Paganicon adds ‘Sacred Gallery Space’

The third anniversary of Paganicon, a three day convention for Pagans, Heathens, and polytheists held in the Twin Cities, also features The Third Offering, a sacred gallery space and temporary shrine.

Producers for the art show say this exhibit is quite different from an art exhibit at a science fiction convention or even other Pagan conventions.  “This is one of the things that makes our project different from, for instance, a typical science fiction con, where anything and everything that might possibly  relate to the SF scene is brought together in a fairly chaotic assemblage,” says Paul Rucker, co-producer for The Third Offering.  “We are combining the atmosphere of a gallery with a temple. And to my knowledge, there is no other indoor Pagan con, not even Pantheacon, that is doing anything quite like this.”

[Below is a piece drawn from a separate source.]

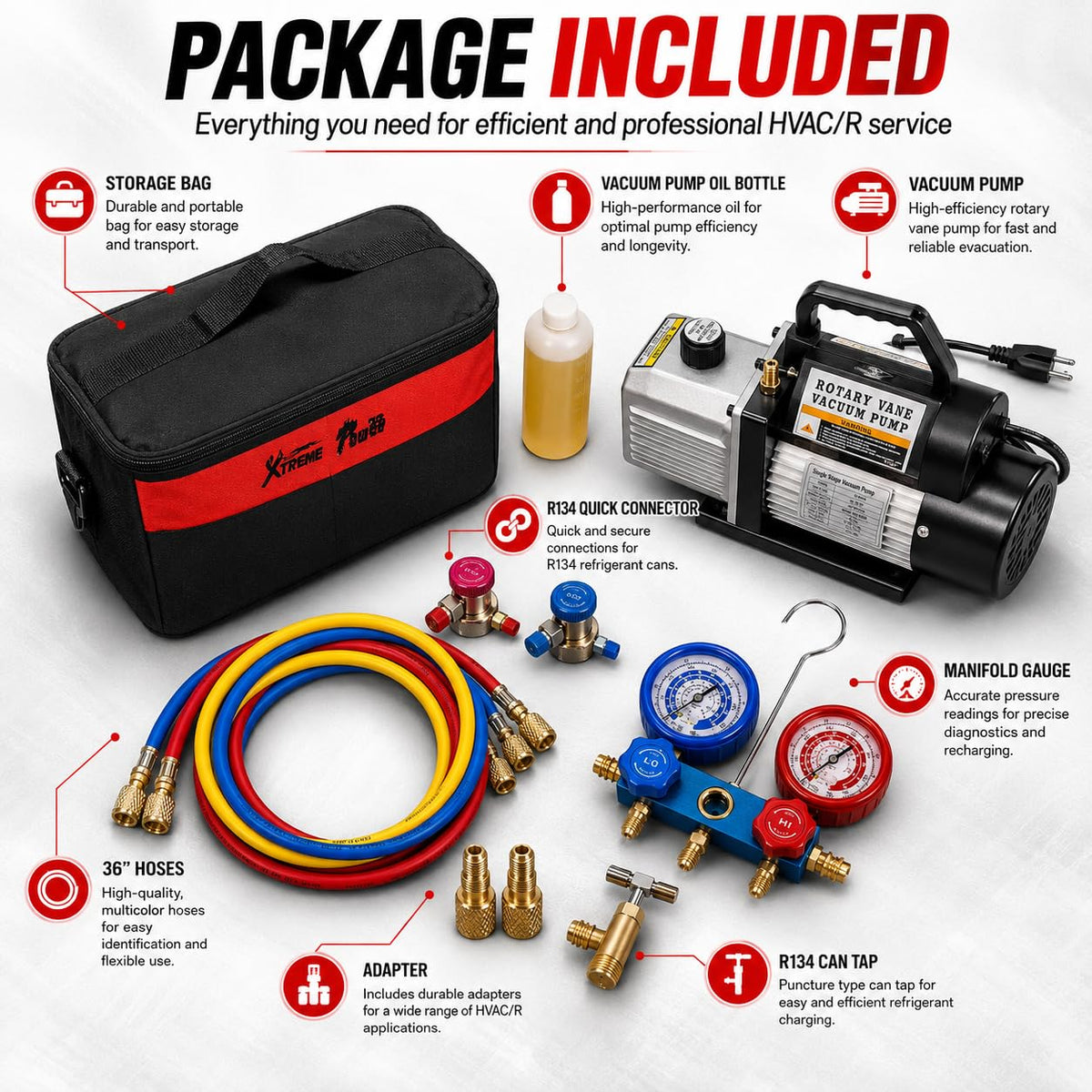 XtremepowerUS complete kit in storage bag for tidy transport and component protection benefit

The idea for this year’s gallery began with an art exhibit that Rucker and fellow Helga HedgeWalker created for Paganicon 2012.  It was open for only two hours, but the positive response by attendees convinced the Paganicon board to expand the concept and have it open throughout the duration of the convention.  Rucker and HedgeWalker were asked to design and co-produce the prototype  for this exhibition this year.

The name for the exhibit, The Third Offering, comes from local ritualist and historian Steven Posch. Posch and HedgeWalker belong to the same coven, which made three  offerings to Minnehaha Falls at the autumn 2012 Pagan Pride festival.  The first sacred offering was water, the second was bread, while the third offering was rose petals, representing beauty. “Steve’s model of the “three offerings”  not only demonstrates the value of making beauty, of creativity, as valid and essential components of experiencing the sacred, but also, as I came to see, a useful way of picturing cultural maturity,” said Rucker.  He went on to say that when concerns for survival, legitimacy, and other cultural basics are addressed, space is made for beauty. “I suggested calling our exhibition space,  “The Third Offering Gallery” to highlight the importance of Beauty as food for the soul, and for an evolving culture.”

Yet the space is not just an art exhibit, it’s also a temporary shrine.  That idea came from HedgeWalker, who believes shrines are part of how a community can interact with the sacred and the beautiful. Both co-producers say, in future years, they may expand the sacred gallery space to include artists whose specific task is to design the shrine and ritual activity for this event.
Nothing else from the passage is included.